Draadloze digitale DECT−telefoon
Gebruiksaanwijzing
OSLO 501
− Veiligheidsinstructies −
1 Veiligheidsinstructies
Lees deze gebruiksaanwijzing aandachtig door.
1.1 Bedoeld gebruik
Deze telefoon is geschikt voor telefoneren binnen een telefoonnet. Alle
overige toepassingen zijn niet−bedoeld. Eigenmachtige wijzigingen of ombouw zijn niet toegestaan. Maak het apparaat in geen geval zelf open en
probeer het niet zelf te repareren.
1.2 Standplaats
De telefoon is ontworpen voor gebruik binnenshuis en binnen een temperatuurbereik van –10 °C tot 30 °C. Het basisstation mag niet worden neergezet in vochtige ruimten zoals bad of waskeuken. Voorkom buitensporige
belasting door rook, stof, schokken, chemicaliën, vocht, hitte of directe zonnestraling. Plaats het basisstation altijd minimaal 1 meter uit de buurt van
andere elektronische apparaten, omdat anders storingen kunnen optreden.

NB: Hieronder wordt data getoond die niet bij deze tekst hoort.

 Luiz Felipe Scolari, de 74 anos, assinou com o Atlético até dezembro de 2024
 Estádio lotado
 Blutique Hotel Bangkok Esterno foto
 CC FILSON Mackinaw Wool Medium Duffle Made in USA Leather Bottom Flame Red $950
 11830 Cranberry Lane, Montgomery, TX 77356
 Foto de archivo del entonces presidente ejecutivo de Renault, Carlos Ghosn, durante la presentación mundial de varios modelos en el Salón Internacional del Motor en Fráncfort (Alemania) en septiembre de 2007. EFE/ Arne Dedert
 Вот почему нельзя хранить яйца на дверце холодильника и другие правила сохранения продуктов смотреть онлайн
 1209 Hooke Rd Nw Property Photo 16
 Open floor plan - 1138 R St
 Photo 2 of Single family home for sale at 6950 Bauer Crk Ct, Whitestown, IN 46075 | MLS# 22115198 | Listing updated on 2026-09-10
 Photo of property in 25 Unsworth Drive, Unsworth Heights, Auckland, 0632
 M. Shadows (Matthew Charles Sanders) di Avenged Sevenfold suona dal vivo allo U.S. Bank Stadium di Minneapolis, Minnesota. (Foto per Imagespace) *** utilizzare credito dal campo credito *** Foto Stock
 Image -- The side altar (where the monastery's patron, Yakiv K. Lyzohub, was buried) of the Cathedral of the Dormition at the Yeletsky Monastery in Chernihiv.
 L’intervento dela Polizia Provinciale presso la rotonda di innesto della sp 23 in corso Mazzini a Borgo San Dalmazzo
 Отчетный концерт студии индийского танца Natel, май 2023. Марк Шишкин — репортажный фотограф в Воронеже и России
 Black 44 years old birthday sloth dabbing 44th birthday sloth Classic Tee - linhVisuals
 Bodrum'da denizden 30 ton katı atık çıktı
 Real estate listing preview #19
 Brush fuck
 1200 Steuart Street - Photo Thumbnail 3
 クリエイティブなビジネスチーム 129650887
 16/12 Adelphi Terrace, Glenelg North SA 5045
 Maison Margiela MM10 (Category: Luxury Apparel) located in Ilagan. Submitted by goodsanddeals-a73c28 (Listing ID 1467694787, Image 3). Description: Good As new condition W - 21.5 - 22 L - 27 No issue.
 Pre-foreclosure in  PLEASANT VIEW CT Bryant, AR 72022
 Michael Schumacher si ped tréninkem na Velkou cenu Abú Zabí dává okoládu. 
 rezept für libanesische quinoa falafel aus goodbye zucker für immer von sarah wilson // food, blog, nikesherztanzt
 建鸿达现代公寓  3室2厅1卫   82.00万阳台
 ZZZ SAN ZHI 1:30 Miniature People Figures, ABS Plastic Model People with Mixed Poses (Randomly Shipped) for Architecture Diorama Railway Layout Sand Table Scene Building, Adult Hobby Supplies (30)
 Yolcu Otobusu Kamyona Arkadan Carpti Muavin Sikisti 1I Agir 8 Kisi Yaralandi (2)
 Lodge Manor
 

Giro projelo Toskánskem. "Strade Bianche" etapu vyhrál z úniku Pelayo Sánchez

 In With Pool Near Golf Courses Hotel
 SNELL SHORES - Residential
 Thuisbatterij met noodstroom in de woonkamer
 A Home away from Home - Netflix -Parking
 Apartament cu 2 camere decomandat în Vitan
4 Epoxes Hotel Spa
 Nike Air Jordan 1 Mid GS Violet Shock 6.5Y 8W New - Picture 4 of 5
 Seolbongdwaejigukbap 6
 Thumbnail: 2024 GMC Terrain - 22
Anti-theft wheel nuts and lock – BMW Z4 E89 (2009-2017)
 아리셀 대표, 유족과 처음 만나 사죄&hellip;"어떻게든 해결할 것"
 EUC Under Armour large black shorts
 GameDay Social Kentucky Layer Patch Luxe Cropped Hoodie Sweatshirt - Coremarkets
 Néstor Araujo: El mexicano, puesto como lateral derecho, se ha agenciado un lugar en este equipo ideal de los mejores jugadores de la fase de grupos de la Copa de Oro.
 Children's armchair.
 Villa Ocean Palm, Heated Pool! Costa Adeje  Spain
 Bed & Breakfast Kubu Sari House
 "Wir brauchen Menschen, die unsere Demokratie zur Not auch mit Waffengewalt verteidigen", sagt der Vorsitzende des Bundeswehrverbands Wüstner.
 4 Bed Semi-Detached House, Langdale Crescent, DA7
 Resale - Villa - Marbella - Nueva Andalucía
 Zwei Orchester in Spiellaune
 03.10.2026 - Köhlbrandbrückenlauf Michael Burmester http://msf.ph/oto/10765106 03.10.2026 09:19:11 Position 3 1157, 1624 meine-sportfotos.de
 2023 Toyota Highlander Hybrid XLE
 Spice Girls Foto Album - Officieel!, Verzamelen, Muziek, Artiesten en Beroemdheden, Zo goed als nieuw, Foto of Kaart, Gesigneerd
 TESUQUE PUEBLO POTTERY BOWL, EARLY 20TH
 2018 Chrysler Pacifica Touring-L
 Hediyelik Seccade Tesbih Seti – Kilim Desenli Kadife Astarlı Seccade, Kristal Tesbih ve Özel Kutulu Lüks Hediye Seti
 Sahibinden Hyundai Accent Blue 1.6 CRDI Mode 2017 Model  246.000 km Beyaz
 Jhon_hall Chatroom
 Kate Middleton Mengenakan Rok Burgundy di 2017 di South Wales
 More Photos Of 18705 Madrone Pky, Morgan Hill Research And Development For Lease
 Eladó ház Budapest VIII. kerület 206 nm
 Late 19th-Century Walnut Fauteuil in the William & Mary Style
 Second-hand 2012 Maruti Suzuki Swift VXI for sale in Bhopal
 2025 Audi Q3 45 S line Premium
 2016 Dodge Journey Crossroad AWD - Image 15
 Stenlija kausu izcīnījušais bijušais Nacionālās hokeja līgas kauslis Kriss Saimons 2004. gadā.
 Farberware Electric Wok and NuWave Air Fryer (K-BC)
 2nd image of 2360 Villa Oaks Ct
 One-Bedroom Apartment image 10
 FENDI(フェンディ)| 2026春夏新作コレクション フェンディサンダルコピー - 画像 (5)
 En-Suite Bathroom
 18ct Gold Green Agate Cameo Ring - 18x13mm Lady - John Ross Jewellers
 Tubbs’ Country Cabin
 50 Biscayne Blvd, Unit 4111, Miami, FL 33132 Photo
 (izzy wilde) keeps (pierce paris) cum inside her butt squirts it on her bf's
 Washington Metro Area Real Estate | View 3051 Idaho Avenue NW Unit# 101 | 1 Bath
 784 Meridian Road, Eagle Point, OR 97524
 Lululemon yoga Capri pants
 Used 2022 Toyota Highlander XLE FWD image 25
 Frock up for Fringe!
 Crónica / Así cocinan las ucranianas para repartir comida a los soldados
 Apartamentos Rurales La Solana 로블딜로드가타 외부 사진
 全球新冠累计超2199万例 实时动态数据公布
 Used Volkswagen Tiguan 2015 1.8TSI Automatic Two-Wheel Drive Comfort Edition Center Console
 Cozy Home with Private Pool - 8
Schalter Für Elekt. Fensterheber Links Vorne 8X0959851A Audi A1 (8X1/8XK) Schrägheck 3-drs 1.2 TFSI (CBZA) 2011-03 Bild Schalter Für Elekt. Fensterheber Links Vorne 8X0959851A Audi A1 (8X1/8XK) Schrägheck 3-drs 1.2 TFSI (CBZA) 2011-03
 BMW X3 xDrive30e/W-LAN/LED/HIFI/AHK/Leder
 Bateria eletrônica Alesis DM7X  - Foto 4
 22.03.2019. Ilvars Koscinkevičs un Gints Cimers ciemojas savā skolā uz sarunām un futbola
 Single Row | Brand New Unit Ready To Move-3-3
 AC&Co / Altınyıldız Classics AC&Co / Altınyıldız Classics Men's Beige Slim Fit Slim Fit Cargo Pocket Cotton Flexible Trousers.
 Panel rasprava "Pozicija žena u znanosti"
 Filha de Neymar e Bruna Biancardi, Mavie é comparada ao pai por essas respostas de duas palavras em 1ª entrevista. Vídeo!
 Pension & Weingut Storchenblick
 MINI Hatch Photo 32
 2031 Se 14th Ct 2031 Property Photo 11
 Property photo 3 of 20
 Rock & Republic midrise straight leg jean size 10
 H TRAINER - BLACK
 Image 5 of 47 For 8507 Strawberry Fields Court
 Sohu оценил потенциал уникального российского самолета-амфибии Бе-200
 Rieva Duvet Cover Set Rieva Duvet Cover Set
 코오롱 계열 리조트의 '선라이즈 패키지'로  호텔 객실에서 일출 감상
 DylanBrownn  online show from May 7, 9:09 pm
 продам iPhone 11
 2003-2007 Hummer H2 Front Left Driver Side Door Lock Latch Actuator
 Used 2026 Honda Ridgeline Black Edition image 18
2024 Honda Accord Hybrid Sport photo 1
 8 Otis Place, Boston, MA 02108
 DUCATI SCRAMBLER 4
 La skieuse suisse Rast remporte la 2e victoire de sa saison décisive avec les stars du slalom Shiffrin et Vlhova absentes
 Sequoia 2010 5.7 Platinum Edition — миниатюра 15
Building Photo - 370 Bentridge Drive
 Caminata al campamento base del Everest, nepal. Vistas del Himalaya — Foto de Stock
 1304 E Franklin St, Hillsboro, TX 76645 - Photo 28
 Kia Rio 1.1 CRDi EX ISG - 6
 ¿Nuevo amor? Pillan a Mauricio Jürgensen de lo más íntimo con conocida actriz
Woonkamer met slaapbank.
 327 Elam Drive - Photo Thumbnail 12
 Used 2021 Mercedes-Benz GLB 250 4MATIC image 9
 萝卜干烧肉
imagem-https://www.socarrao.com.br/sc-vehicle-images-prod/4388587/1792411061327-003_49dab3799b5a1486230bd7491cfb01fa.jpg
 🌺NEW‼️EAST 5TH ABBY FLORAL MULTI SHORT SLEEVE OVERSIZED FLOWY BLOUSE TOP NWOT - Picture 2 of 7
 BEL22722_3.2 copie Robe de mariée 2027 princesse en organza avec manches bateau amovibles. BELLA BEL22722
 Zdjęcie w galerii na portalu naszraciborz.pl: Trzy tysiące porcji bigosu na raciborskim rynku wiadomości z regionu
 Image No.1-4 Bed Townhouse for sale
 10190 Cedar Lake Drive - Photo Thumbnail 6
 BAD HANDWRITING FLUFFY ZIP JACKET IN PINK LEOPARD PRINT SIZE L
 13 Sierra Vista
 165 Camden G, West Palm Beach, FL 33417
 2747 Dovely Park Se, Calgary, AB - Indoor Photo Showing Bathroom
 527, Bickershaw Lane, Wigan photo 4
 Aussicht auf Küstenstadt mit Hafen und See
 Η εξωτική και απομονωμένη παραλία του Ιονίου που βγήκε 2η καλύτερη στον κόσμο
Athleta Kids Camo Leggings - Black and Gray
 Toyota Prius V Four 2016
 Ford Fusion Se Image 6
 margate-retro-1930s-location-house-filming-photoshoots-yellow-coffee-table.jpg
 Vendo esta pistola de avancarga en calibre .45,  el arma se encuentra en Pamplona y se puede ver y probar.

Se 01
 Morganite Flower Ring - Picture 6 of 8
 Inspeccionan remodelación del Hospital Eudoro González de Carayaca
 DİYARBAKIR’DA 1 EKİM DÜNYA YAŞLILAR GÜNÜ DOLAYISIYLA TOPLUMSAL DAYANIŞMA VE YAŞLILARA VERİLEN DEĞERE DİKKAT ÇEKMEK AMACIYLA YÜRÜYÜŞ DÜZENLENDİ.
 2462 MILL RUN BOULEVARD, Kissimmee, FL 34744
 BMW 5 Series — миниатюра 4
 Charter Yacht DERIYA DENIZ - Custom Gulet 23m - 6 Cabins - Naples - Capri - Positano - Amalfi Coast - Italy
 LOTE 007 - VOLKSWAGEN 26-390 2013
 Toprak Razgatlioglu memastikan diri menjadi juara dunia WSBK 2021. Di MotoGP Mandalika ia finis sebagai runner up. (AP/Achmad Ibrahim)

Gebruik de handset niet op plaatsen waar ontploffingsgevaar kan heersen.
1.3 Netadapter
Gebruik alleen de bijgeleverde netadapter omdat andere netadapters de telefoon kunnen beschadigen. U mag de toegang tot
de netadapter niet versperren door meubels of andere voorwerpen.
1.4 Toestelaansluitsnoer
Let bij het vervangen van het bijgeleverde toestelaansluitsnoer op identieke stekkers.
1.5 Oplaadbare accu’s
Gooi accu’s niet in het vuur en dompel ze nooit onder in water.
1.6 Stroomuitval
Bij stroomuitval kunt u niet langer met de telefoon telefoneren. Houd voor
noodgevallen een telefoon met snoer achter de hand, die zonder externe
stroomvoorziening werkt.
1.7 Huiscentrales
U kunt de telefoon aansluiten op een huiscentrale. Er kan niet worden ge-
garandeerd dat de telefoon met elke huiscentrale functioneert.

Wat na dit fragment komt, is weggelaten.